愛は、人の人生における永遠のテーマのひとつだと思うし、愛にあふれた一枚になったと思います。タイトルは、このアルバム自体を贈り物にして、楽しんでいただけたらいいなという気持ちもこめて『ミュージック・ギフト・トゥ』としました。トゥ(to)のあとに、お友達やご家族の名前を書き込んでいただいて、そのままお渡ししてほしいですね。

―─ LEON世代の読者たちにはどんな風に聴いてほしいですか?

「LEON」の読者の皆さんも、全身で感じる刺激的な音楽がささる時期もあったと思うのですが、今後はそれプラス、静かに耳を傾けることもいいなと思える世代になってくるかなと思うんです。

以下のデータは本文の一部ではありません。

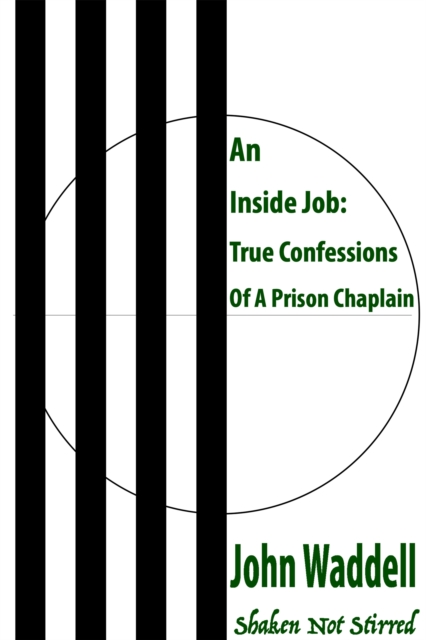 Inside Job: True Confessions Of A Prison Chaplain - Shaken Not Stirred, EPUB eBook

そういう時に、クラシックギターというのは余韻が美しい楽器なので、さまざまなメロディをご自分の人生と重ね合わせて、生きる力にしていただければうれしいです。

弾く楽しさも感じてほしい

── 読者の中には、若い頃、バンドを組んでいた人も多いようです。

そういう方には、クラシックギターのナイロン弦の温かい響きもおすすめしたいですね。バンドはみんなとやる楽しさがあるのに対し、クラシックギターは楽器と自分が一対一で、なんでも話を聞いてくれる友達がひとり見つかった、みたいな感じ。未経験の方でも、30分のレッスンを3回やれば両手で弾けるようになります。

── 中年のおじさんでも大丈夫ですかね?

大丈夫ですよ! いきなりFとかのコード弾きはしなくていいです。単音で、きれいな音を出そうと思ってつまびいてる時間も楽しいと思うので。これからは、聴く楽しさに加えて、弾く楽しさも皆さんに感じていただけたらなと思います。